Even in normal marriages, this sort of disappointment usually arises but mature people usually understand it as nature of life itself and not the partner's fault for each of us has a lifelong need for fulfilment that no other person can ever meet.

If someone's history is charged with this insufficiency, it is hard for them to control it as it may be larger than their consciousness.

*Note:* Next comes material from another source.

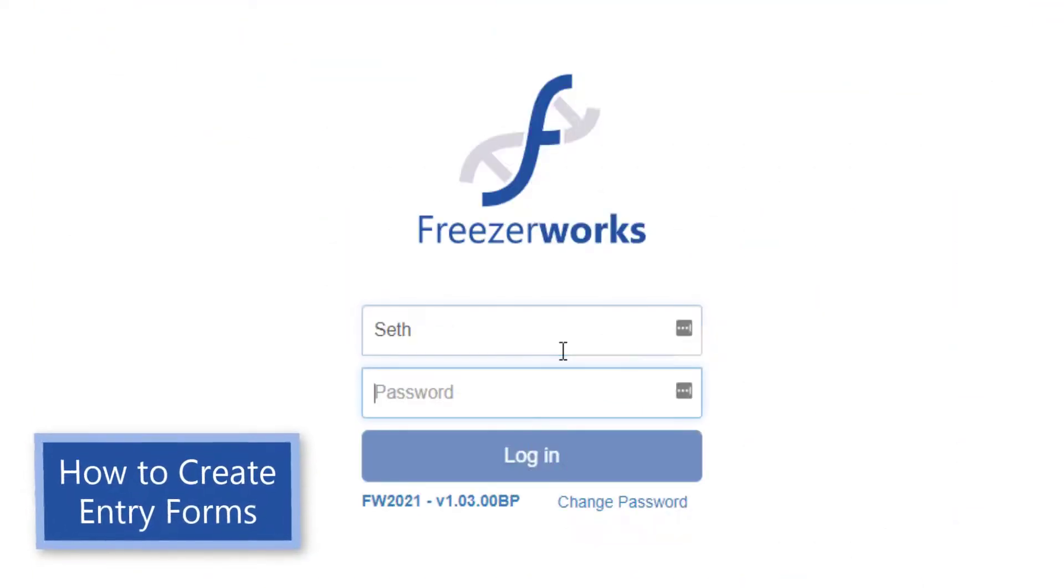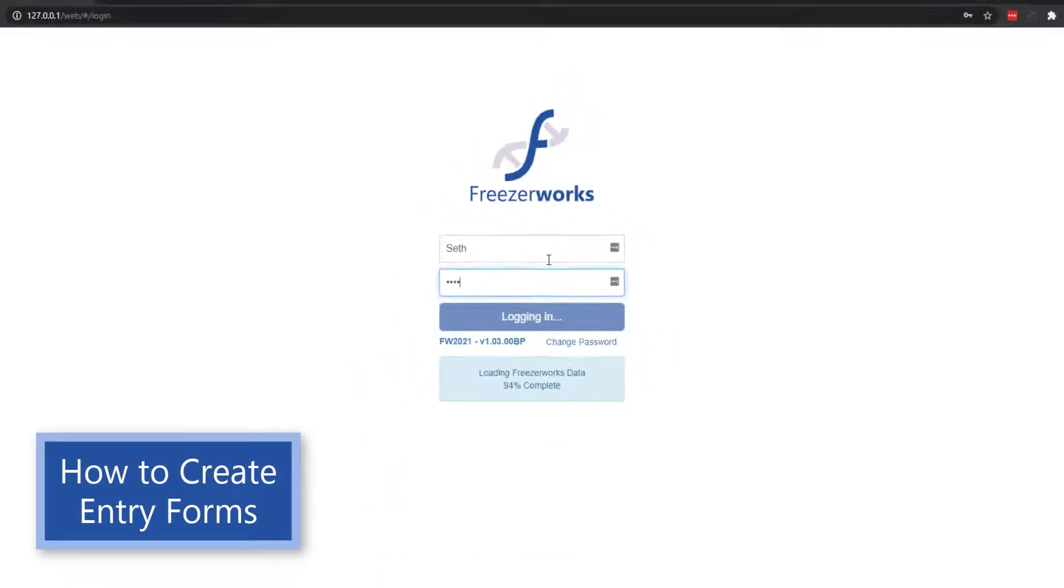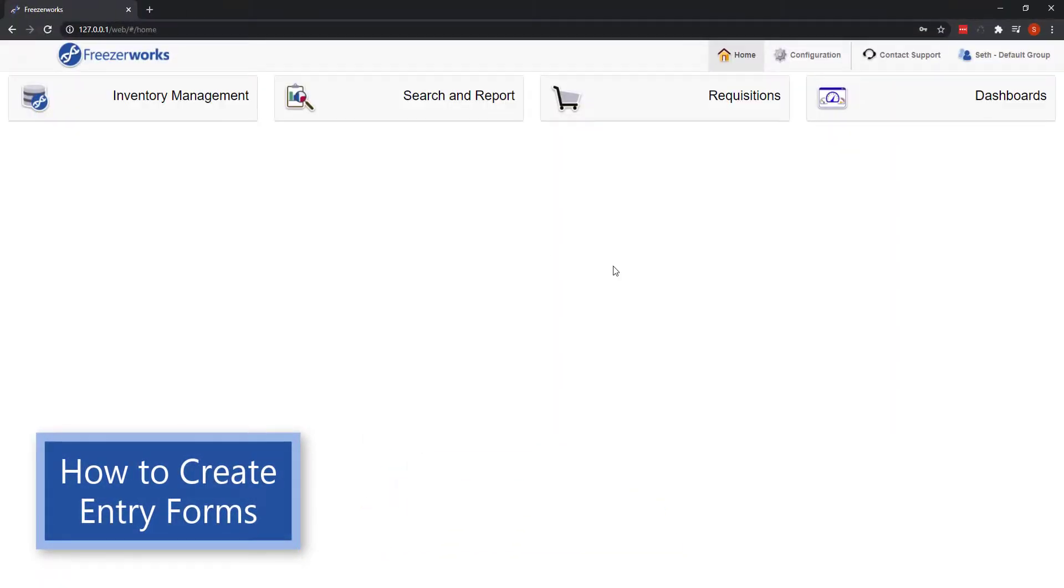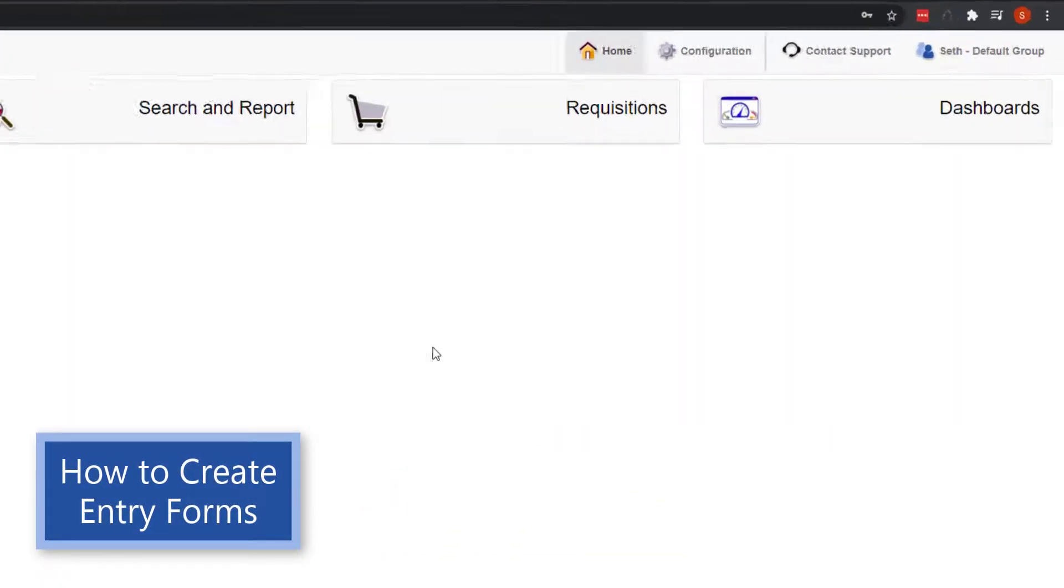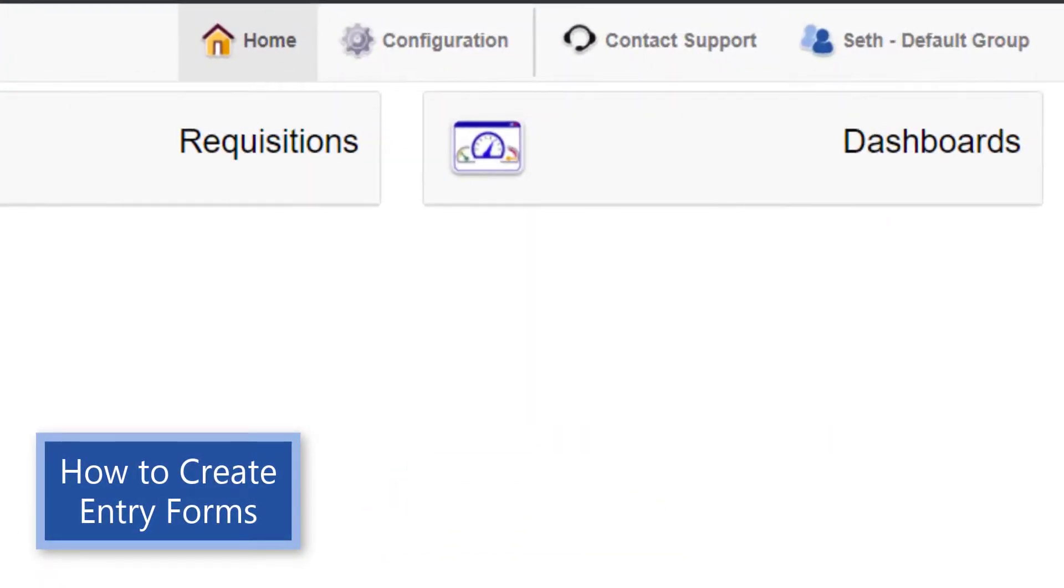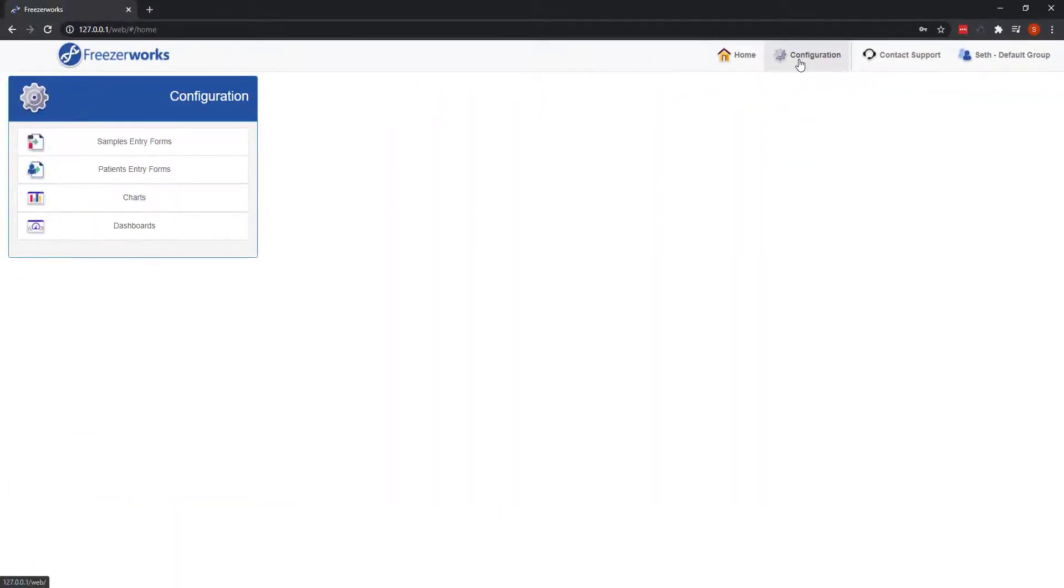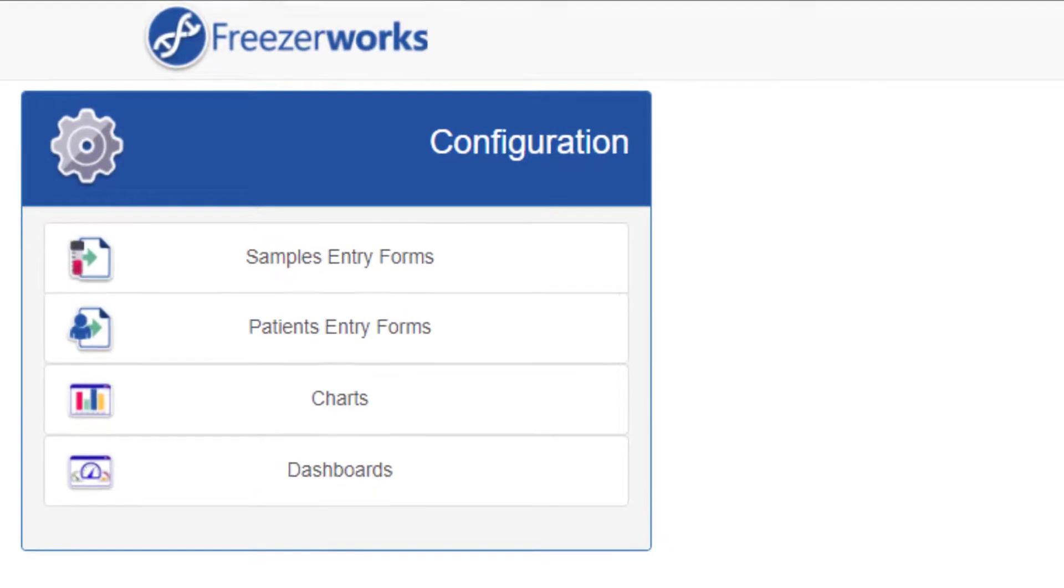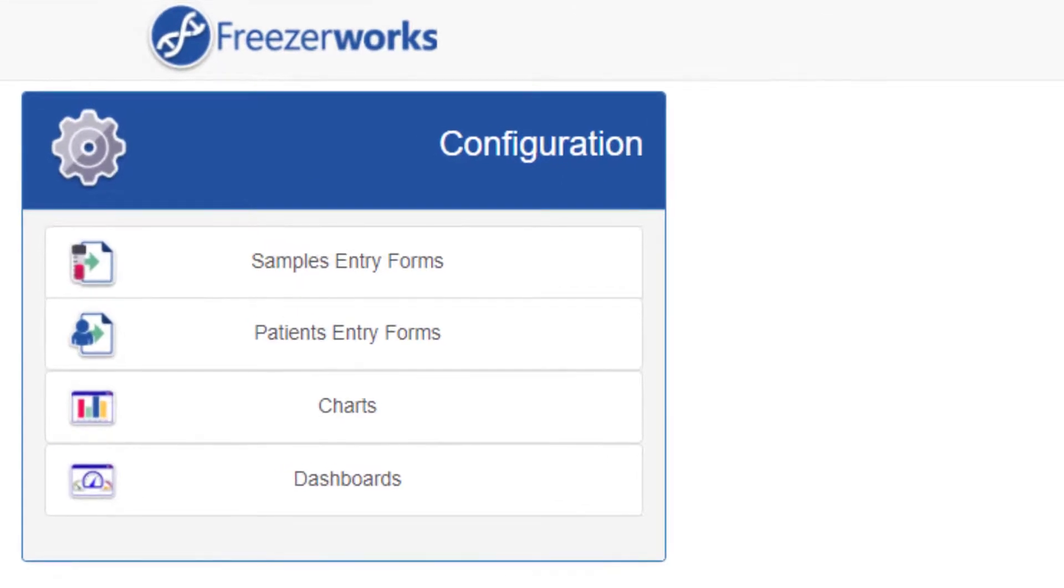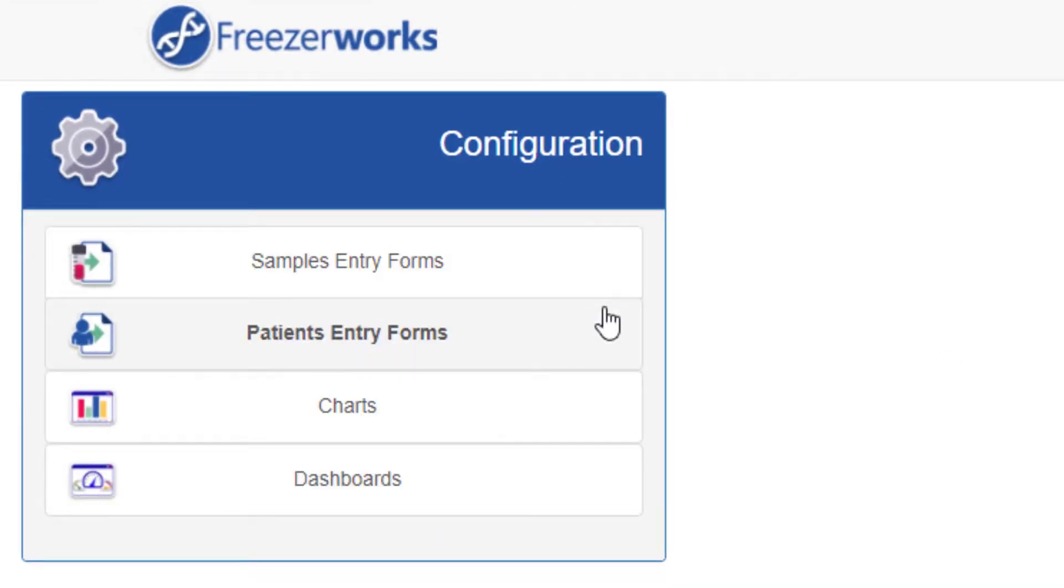Well, to begin, after logging into the web client, turn your attention to the top of the page and click the button entitled configuration. This takes you to the configuration page, which is where you will also go to create charts and dashboards, as well as patient entry forms if you are in Summit or Pinnacle. But we're talking about samples entry forms, so let's click that button.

They experience repeated rounds of anger, disappointments, frustrations, anger and desire to meet 'magical other'.

James Hollis gives an example in his book of a girl, Susan, child to two narcissistic parents who did not feel valued for herself.

Susan experiences repetition where she idealizes her boyfriends initially but later end up denigrating them for none fulfils her need. Same scenario plays out in therapy where she believes that the other therapist will 'understand' her better. She later realizes that it is her responsibility to heal the childhood pain and that there is no 'magical other' to do so even after changing her boyfriends twice the same rate that she changed her therapists.

We all have an addictive pattern. Any of the reflexive patterns above are forms of addiction whether conscious or not.

To stop the addiction, one is required to face /feel the pain that the addiction is defending against.


C O N C L U S S I O N !

Either of the six patterns are present in our social, economic living and may be dominating how we do business.

For instance, one may be accommodative, that is, being nice/cooperative, they get rewarded for being compliant but they feel that their psyche has been violated. One may seek power/recognition, and yet after achieving it they feel empty. Another may spend their life hiding out, live in a safe small world, and short-change their soul yet knowing well that they have been summoned to something larger.

The reflexive responses all arise from either a traumatic past experience, disempowered childhood environment and its constricted range of choices/values.

Whenever we are stressed, fatigued, anxious or have less conscious control they are likely to reactivate.

If you cannot relate to any of the 6 patterns, you may be hitting a blind spot, which will show up sooner/later in your life.

Note that this patterns helped us survive in our childhood but do not allow them into your adulthood.

Do not judge your history for it was as it had to be, but do not abdicate the possibility of the present either.

Learn the reflexive responses, where they show up in your life and the damage it has done to yourself and those around you.

No freedom comes without consciousness, and yet, paradoxically, consciousness is obtained from suffering. Avoiding suffering will always limit you to the constrictive yet familiar old shoes.